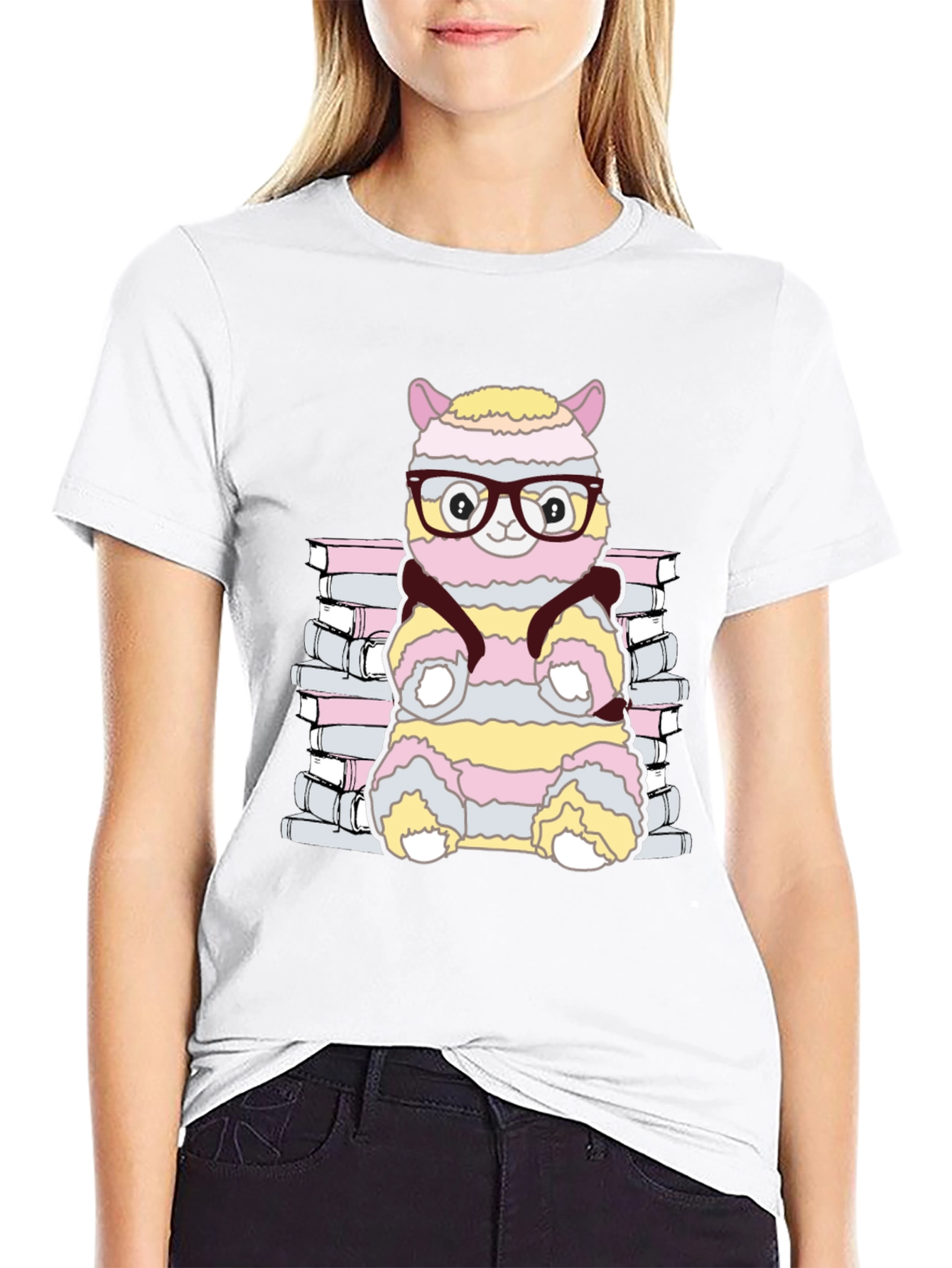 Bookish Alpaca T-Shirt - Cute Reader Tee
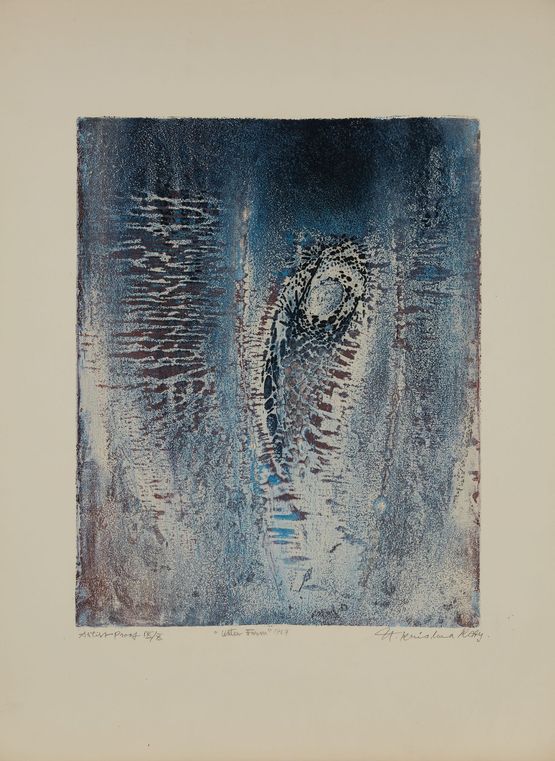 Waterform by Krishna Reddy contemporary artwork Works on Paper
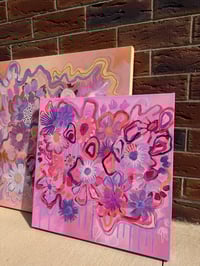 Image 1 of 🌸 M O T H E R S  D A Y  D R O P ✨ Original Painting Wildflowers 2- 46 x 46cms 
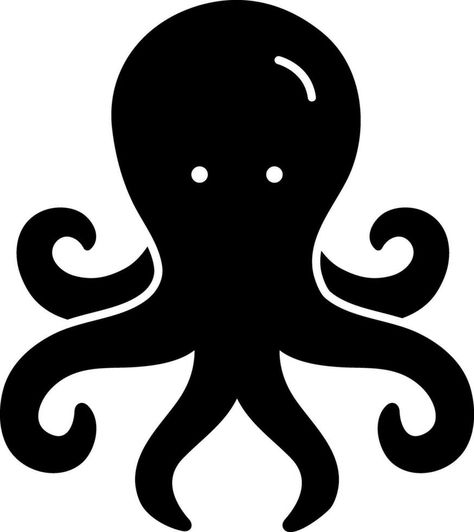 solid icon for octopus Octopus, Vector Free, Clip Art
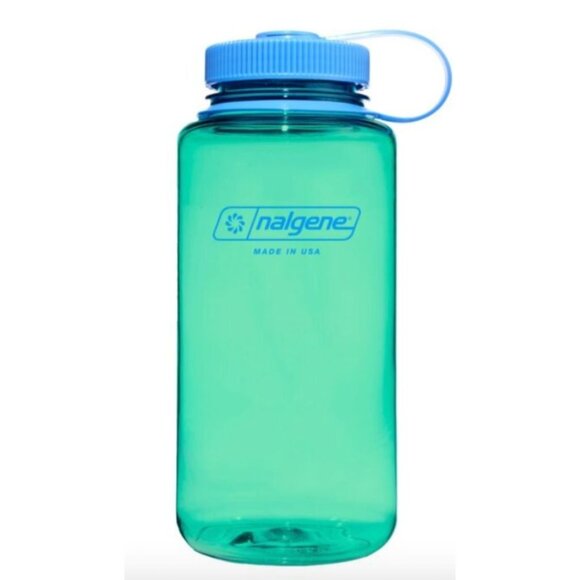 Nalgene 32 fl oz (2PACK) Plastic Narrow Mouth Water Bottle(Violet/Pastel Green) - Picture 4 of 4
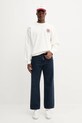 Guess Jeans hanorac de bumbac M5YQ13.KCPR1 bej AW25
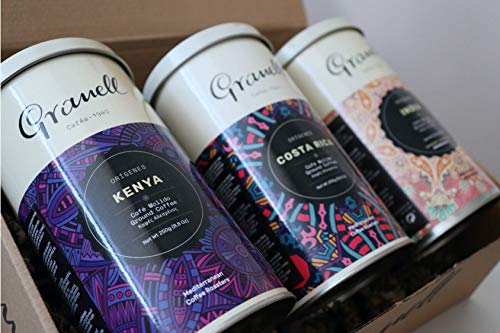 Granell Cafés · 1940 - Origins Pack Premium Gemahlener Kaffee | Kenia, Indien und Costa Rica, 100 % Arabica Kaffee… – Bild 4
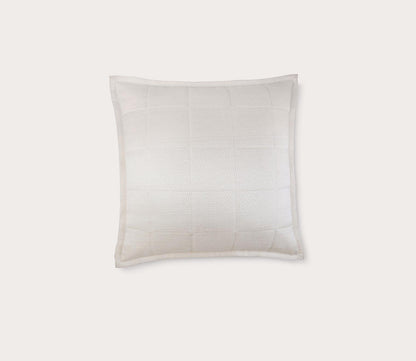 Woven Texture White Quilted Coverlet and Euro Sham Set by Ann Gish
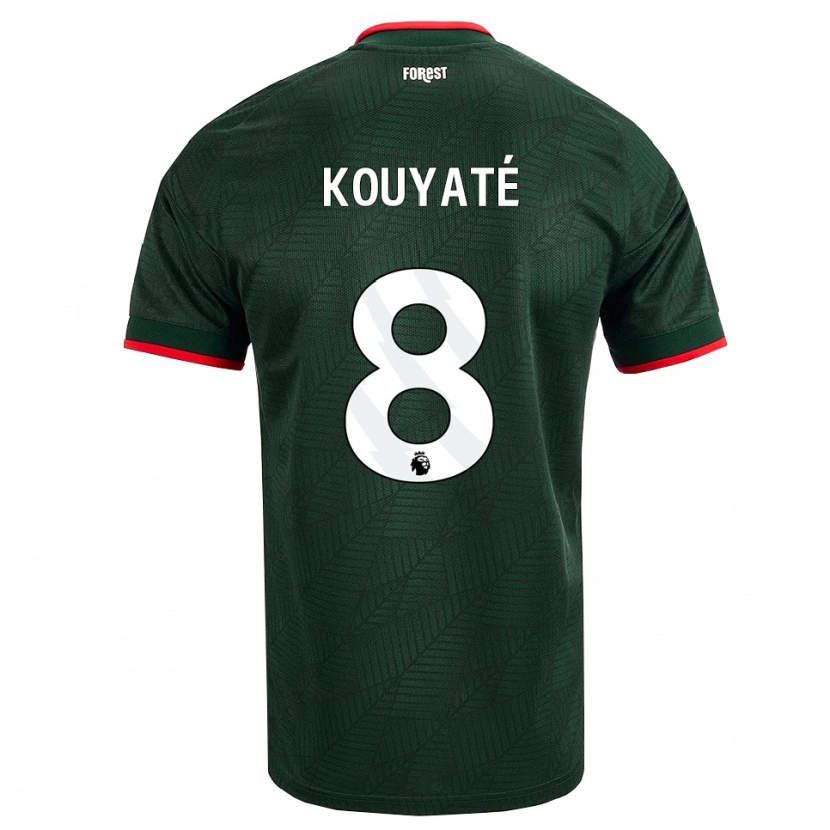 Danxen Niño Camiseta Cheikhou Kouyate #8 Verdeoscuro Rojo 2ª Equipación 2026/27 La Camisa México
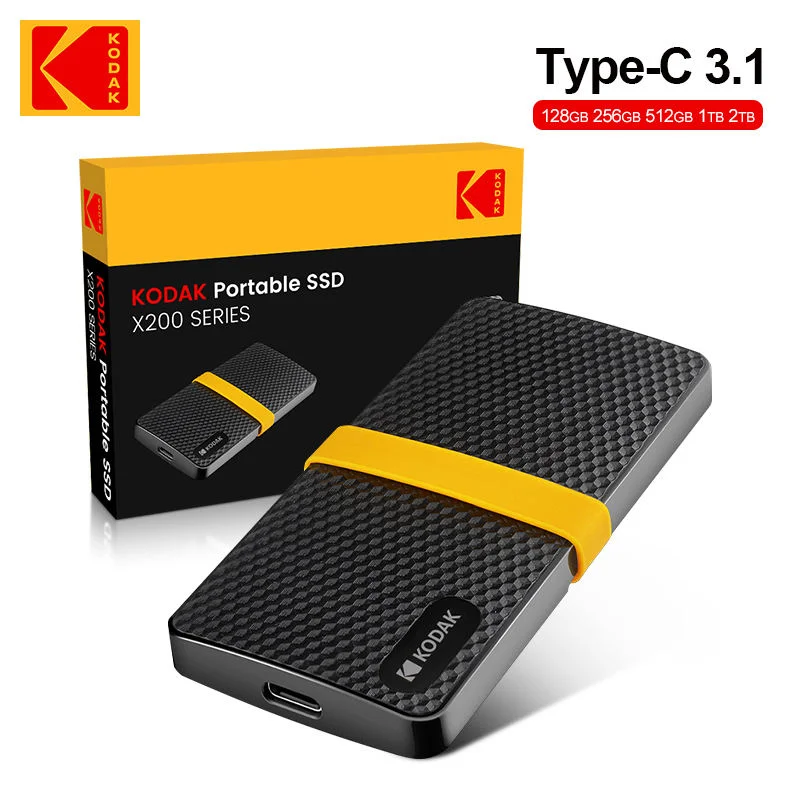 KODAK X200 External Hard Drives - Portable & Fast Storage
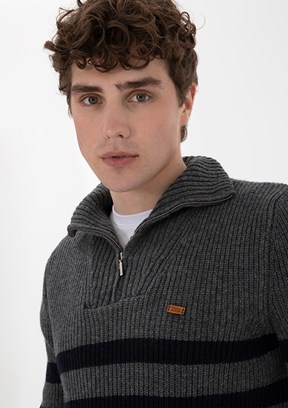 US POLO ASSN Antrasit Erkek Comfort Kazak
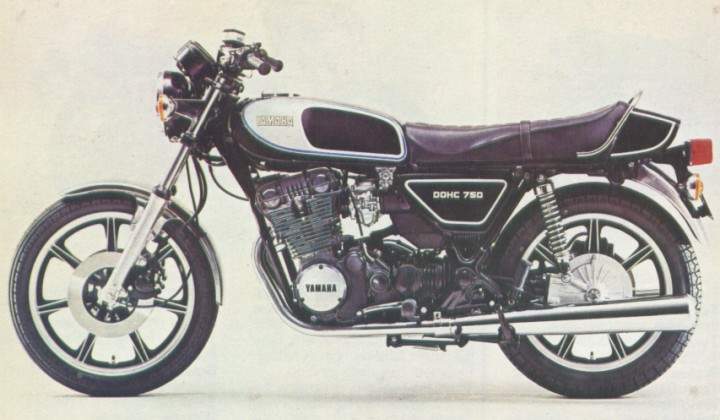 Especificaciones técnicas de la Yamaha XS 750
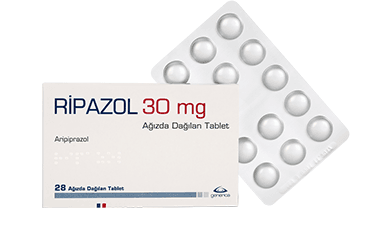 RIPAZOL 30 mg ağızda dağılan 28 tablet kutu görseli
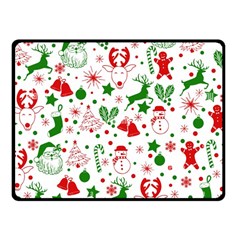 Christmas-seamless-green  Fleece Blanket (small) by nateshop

# # #

● Exercise aim: Both ends included, copy word for word the lines from the top of the entries above through the line with "Image 1 of 🌸". No pictures.

● Task output:
 Bookish Alpaca T-Shirt - Cute Reader Tee
 Waterform by Krishna Reddy contemporary artwork Works on Paper
 Image 1 of 🌸 M O T H E R S  D A Y  D R O P ✨ Original Painting Wildflowers 2- 46 x 46cms 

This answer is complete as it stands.